Fortescue’s high-grade iron ore dream springs a leak

Mining billionaire Andrew Forrest’s troubled foray into producing high-grade ore – Fortescue’s Iron Bridge project – has suffered another setback, with a leaking water pipeline that could more than halve magnetite production this financial year.

However, the lost production and $220 million cost to replace 65 kilometres of pipeline will hardly dent Fortescue’s financial performance. The miner shipped 48.5 million tonnes of its main iron ore product haematite in the December quarter, 6 per cent higher than the previous three months to achieve its second-highest first-half production.

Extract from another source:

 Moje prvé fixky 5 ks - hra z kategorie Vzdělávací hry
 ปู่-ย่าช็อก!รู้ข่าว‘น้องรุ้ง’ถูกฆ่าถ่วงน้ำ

Fortescue executive chair Andrew Forrest was at Iron Bridge in WA’s Pilbara in May 2023 when its first product arrived at Port Hedland.
Fortescue executive chair Andrew Forrest was at Iron Bridge in WA’s Pilbara in May 2023 when its first product arrived at Port Hedland.Credit: Forstescue

At Iron Bridge, Fortescue had planned to produce five million tonnes of magnetite this financial year as it ramped up the $5.9 billion project to its full capacity of 22 million tonnes a year. That forecast has now been cut to two to four million tonnes due to continual leaks in the higher pressure section of a 240 kilometre-long pipeline that supplies water to the processing plant.

Fortescue’s first move into complex processing of the ore it mines has been dogged with problems since three senior executives exited three years ago when news of cost blowouts first surfaced.

Fortescue’s guidance for total production of both types of iron ore for the 12 months to June remains unchanged at 192 million to 197 million tonnes.

Fortescue Metals chief executive Dino Otranto said it was a strong quarter from the iron ore operation that included its second shipment of magnetite and the initial export from its Belinga project in Gabon.

“We achieved this while continuing to grow our green technology, energy and metals businesses, keeping costs low and maintaining our safety performance,” he said.

Fortescue aims for its mining operation to be emissions-free by 2030, a far more aggressive target than any other Australian miner. It is trialling the first of three electric excavators powered by a trailing cable more than two kilometres long.


Fortescue’s energy division, led by chief executive Mark Hutchinson, is prioritising for board approval green hydrogen projects in Brazil, Kenya and Norway.

Fortescue shares were up 1.8 per cent to $28.90 each in early trading on Thursday.